People drifted toward the empiure, aggressively, speculatively, or desperately, because of the perception that the empire was wealthy, which is more or less the same as today, albeit that aggression cannot compete with Europes military strength aside from terrorism. The classic example in antiquity was the arrival of the Goths. Fritigern, who had already made a peace treaty with Valens, asked the Roman emperor for permission to cross the Danube and settle in Roman territory. Valens allowed this, but the governors of Thrace, where the refugees were crossing the river, were not best pleased at having to support a migrant ppulation. So Lupicinius and Maximus encouraged the most shameful exploitation of the Goths.
When the barbarians who had been conducted across the river were in great distress from want of provisions, those detested generals conceived the idea of a most disgraceful traffic: and having collected hounds from all quarters with the most insatiable rapacity, they exchanged them for an equal number of slaves, among whom were several sons of men of noble birth. Ammianus Marcellinus
Soon famine and want came upon them, as often happens to a people not yet well settled in a country. Their princes and the leaders who ruled them in place of kings, that is Fritigern, Alatheus and Safrac, began to lament the plight of their army and begged Lupicinus and Maximus, the Roman commanders, to open a market. But to what will not the "cursed lust for gold" compel men to assent? The generals, swayed by avarice, sold them at a high price not only the flesh of sheep and oxen, but even the carcasses of dogs and unclean animals, so that a slave would be bartered for a loaf of bread or ten pounds of meat. When their goods and chattels failed, the greedy trader demanded their sons in return for the necessities of life. And the parents consented even to this, in order to provide for the safety of their children, arguing that it was better to lose liberty than life; and indeed it is better that one be sold, if he will be mercifully fed, than that he should be kept free only to die. Jordanes
Not content with this activity, the two Roman governors perceived there might be trouble ahead and so hatched a plot...

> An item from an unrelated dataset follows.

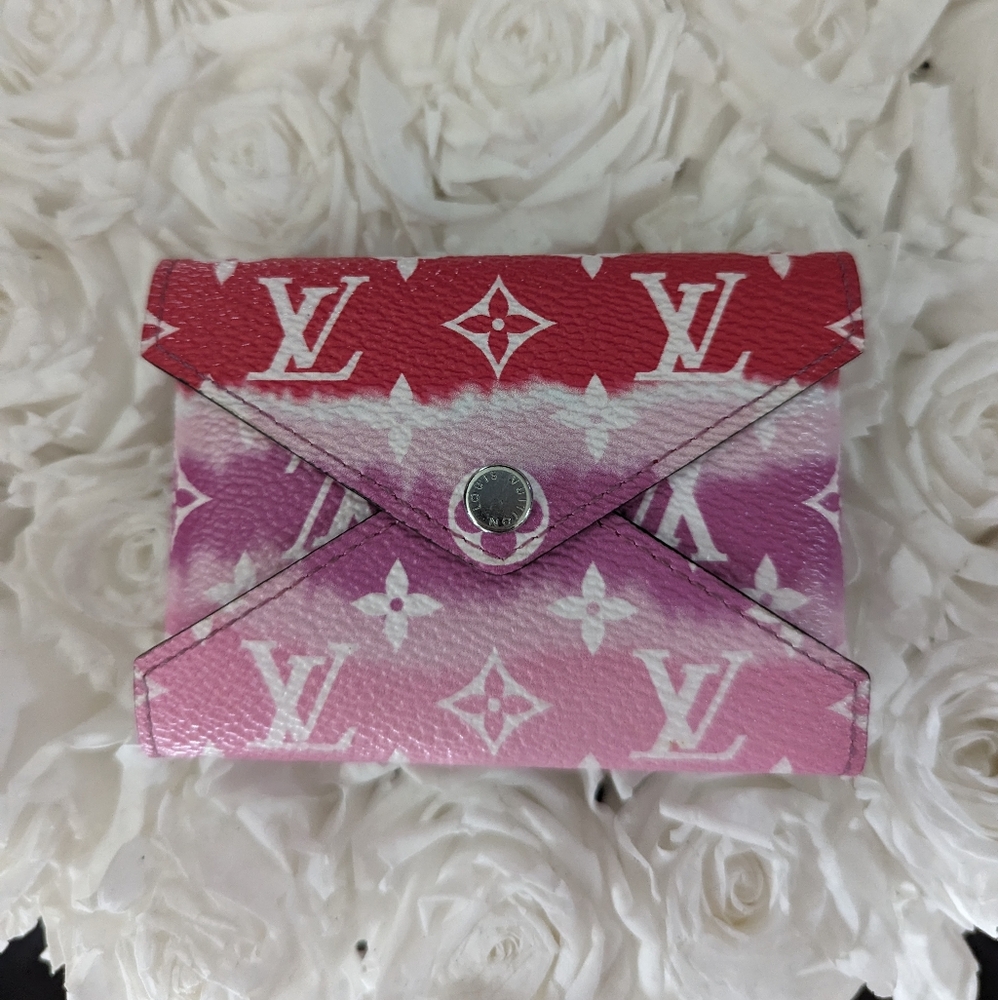 Louis Vuitton Escale Kirigami Small, cardholder size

Now it came to pass in that troubIous time that Lupicinus, the Roman general, invited Fritigern, a chieftain of the Goths, to a feast and, as the event revealed, devised a plot against him. But Fritigern, thinking no evil, came to the feast with a few followers. While he was dining in the praetorium he heard the dying cries of his ill-fated men, for, by order of the general, the soldiers were slaying his companions who were shut up in another part of the house. The loud cries of the dying fell upon ears already suspicious, and Fritigern at once perceived the treacherous trick. He drew his sword and with great courage dashed quickly from the banqueting-hall, rescued his men from their threatening doom and incited them to slay the Romans. Thus these valiant men gained the chance they had longed for--to be free to die in battle rather than to perish of hunger--and immediately took arms to kill the generals Lupicinus and Maximus. Jordanes
And so a refugee crisis became a full blown rebellion against Rome.